Hamburg

Voltaires Roman, furios in Töne gekleidet

Jeffrey Tate dirigierte eine konzertante Aufführung des Bernstein-Musicals "Candide"

Hamburg. Die Wendung von der "besten aller Welten" hat zurzeit Konjunktur. Aber wer von uns wüsste schon zu sagen, woher sie stammt? Da leistet die konzertante Aufführung von Leonard Bernsteins "Candide" in der Laeiszhalle doch mal echte Bildungsarbeit.

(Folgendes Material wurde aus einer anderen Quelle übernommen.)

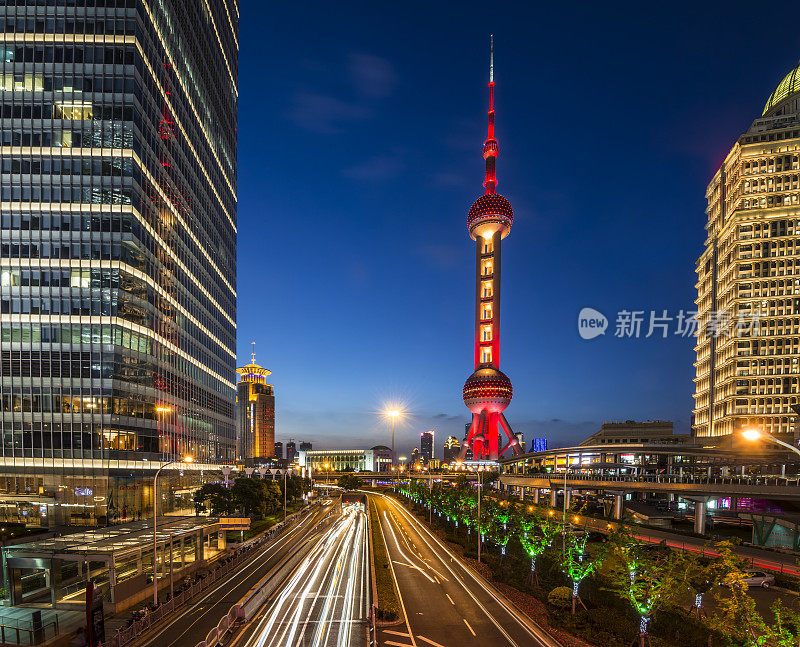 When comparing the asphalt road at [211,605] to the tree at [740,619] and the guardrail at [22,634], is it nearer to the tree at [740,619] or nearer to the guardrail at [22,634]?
the guardrail at [22,634]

Also? Sie stammt von dem Philosophen Leibniz. Der wollte seinen Schülern allen Ernstes weismachen, wir lebten gerade dort, eben in der besten aller möglichen Welten. Und rief damit seinen wortmächtigen Gegner Voltaire auf den Plan. Dessen satirischen Roman hat Bernstein vertont, und Jeffrey Tate, die Hamburger Symphoniker, die EuropaChorAkademie, eine Riege furioser Solisten und Isabel Karajan als Erzählerin schicken nun den einfältigen Candide los, sich seine eigene Meinung von der Welt zu machen. Was dieser dabei erlebt, von den unwahrscheinlichsten Zufällen rund um den Erdball bis zu Todesfällen, die dann doch keine sind, strapaziert die Logik nicht zu knapp und ist zugleich bahnbrechend komisch. Musik darf das, ob sie nun als Musical, Operette oder komische Oper daherkommt, so genau weiß man das bei "Candide" nicht. Schließlich findet auch dieser Abend unter dem Motto "Freiheit" des Musikfests statt.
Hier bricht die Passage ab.